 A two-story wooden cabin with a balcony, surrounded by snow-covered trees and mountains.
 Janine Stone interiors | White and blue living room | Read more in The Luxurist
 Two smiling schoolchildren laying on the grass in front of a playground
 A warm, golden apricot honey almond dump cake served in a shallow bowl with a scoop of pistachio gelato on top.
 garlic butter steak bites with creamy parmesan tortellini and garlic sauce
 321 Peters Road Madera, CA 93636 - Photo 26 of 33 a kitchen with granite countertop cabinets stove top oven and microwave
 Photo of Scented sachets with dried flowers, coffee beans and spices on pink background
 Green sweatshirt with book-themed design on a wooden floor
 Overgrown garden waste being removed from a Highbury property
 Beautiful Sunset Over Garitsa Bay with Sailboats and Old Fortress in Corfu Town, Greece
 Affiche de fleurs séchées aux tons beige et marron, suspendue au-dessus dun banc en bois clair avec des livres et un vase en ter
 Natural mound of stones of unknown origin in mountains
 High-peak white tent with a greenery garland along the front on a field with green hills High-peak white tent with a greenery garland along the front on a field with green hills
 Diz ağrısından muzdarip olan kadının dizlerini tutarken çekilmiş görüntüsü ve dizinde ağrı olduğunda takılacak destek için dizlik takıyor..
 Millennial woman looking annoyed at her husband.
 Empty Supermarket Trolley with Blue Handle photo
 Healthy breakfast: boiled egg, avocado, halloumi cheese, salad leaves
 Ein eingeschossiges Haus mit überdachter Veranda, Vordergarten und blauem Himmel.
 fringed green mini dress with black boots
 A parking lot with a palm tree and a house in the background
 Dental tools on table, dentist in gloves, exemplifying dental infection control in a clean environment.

● REQUIRED WORK
Which lines in the records above contain the word "wooden"? Copy each one.

● YOUR SOLUTION
 A two-story wooden cabin with a balcony, surrounded by snow-covered trees and mountains.
 Green sweatshirt with book-themed design on a wooden floor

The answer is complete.